(Dataset content)

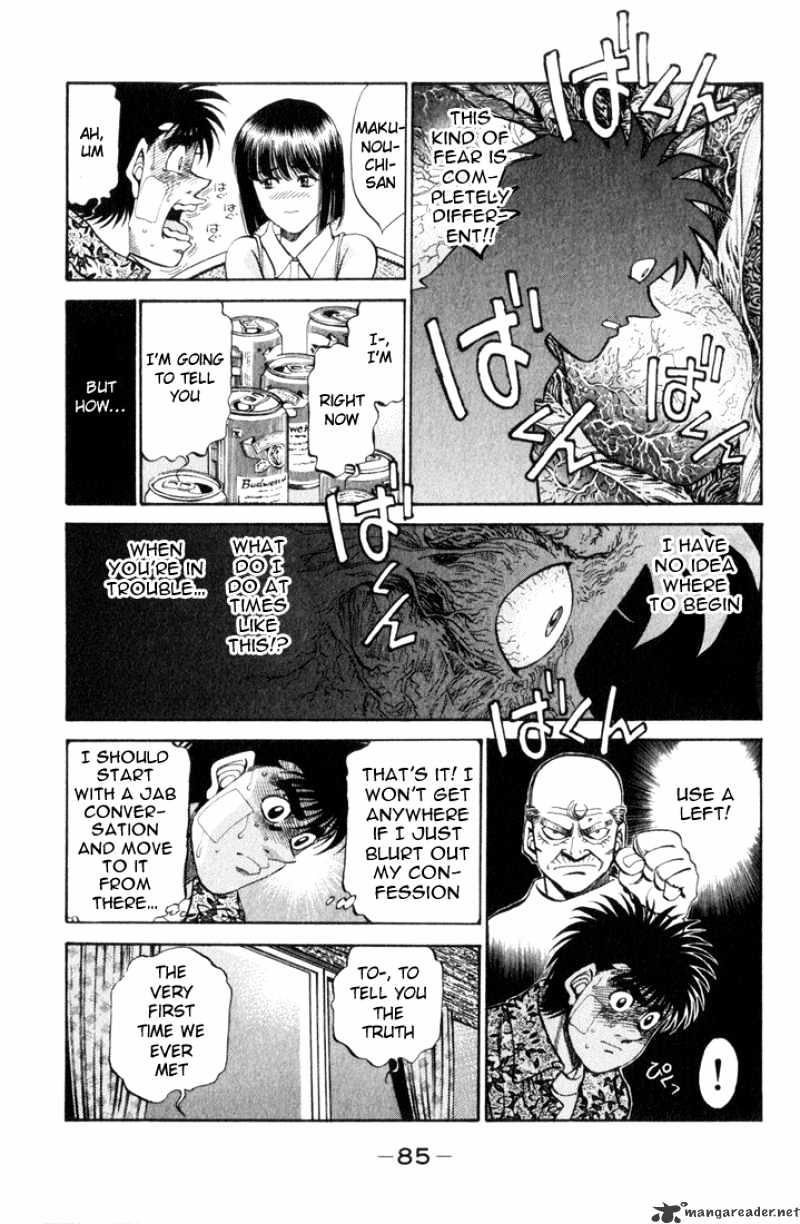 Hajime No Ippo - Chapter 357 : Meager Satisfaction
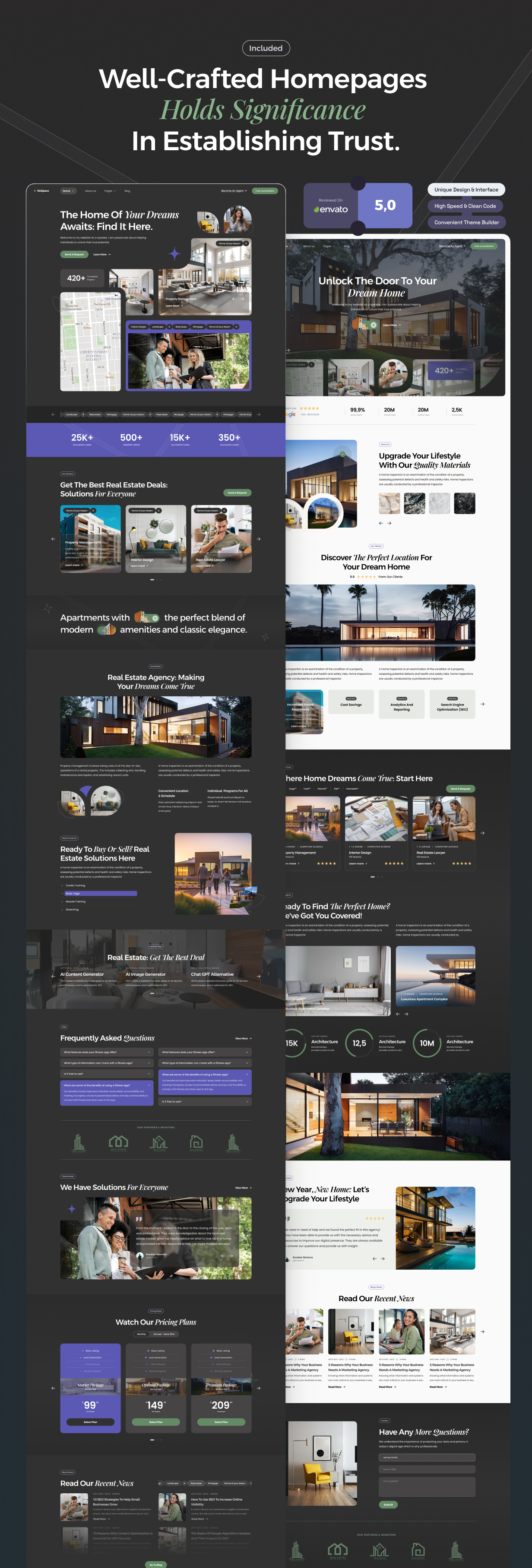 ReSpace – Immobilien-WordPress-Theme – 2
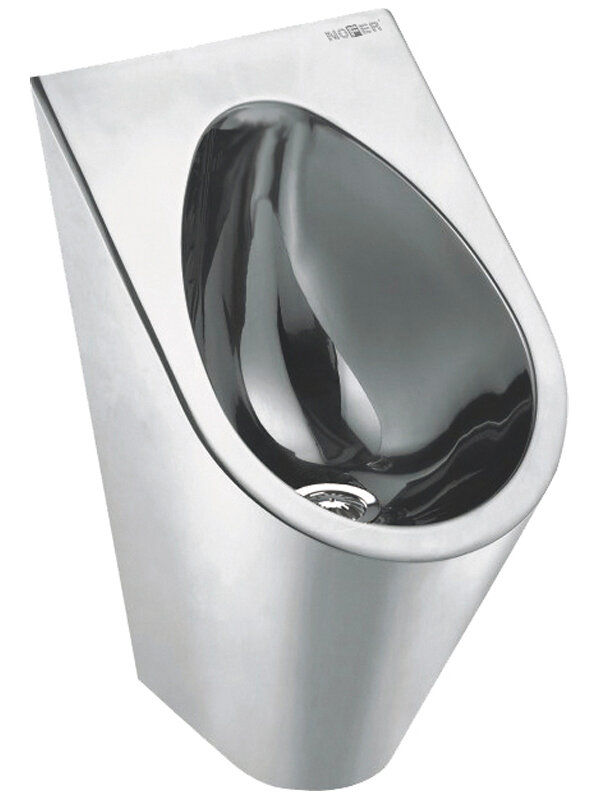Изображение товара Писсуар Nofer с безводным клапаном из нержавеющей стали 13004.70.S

(End Dataset content)
(Dataset content)

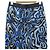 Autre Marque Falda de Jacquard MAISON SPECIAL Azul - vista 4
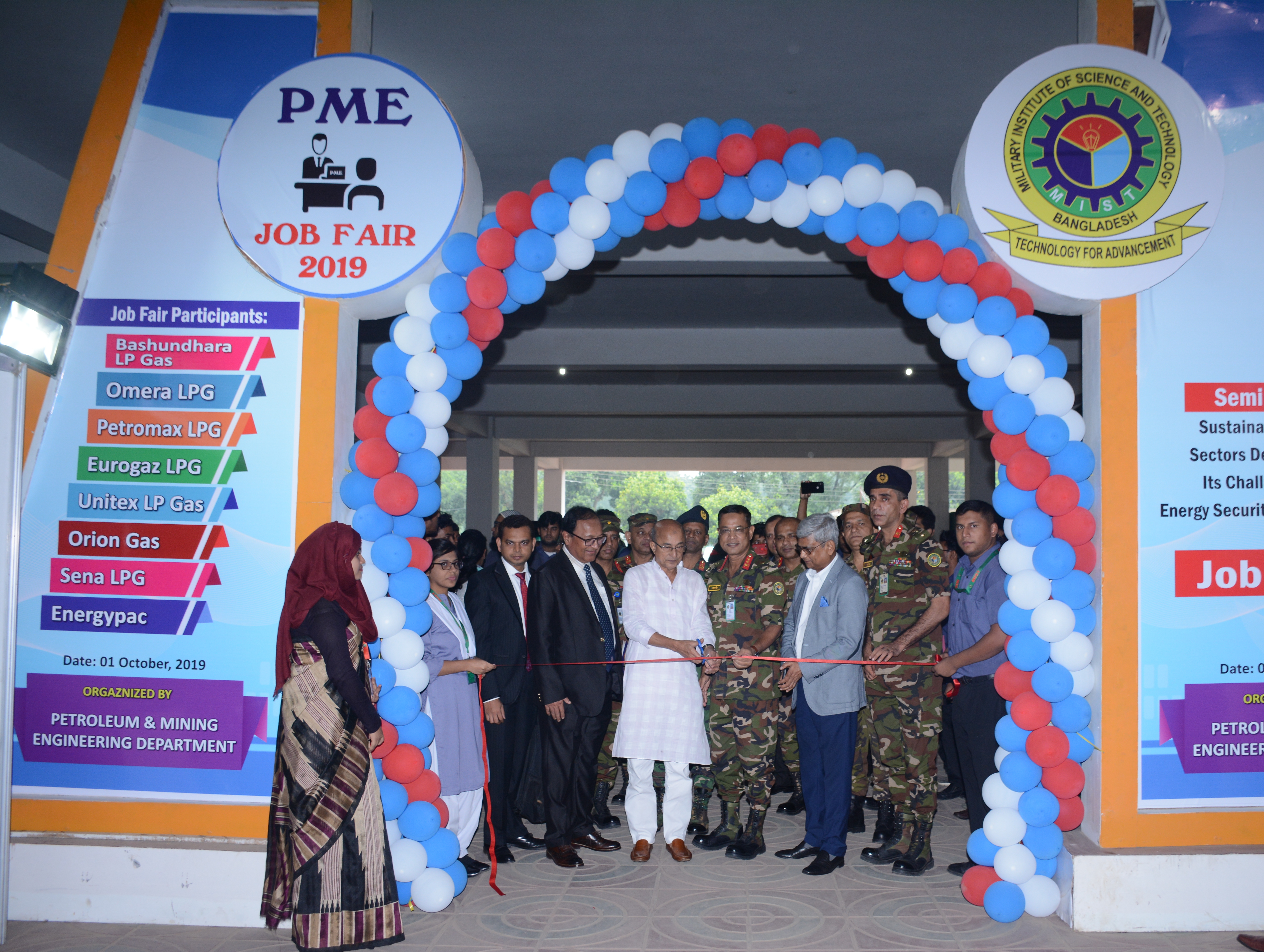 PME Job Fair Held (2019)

(End Dataset content)

→ **Exercise details**
Set the pictures aside and transcribe exactly the stretch of lines above, beginning with the one holding "Hajime No Ippo" and ending with the one holding "Изображение товара Писсуар".

→ **Expected output**
 Hajime No Ippo - Chapter 357 : Meager Satisfaction
 ReSpace – Immobilien-WordPress-Theme – 2
Изображение товара Писсуар Nofer с безводным клапаном из нержавеющей стали 13004.70.S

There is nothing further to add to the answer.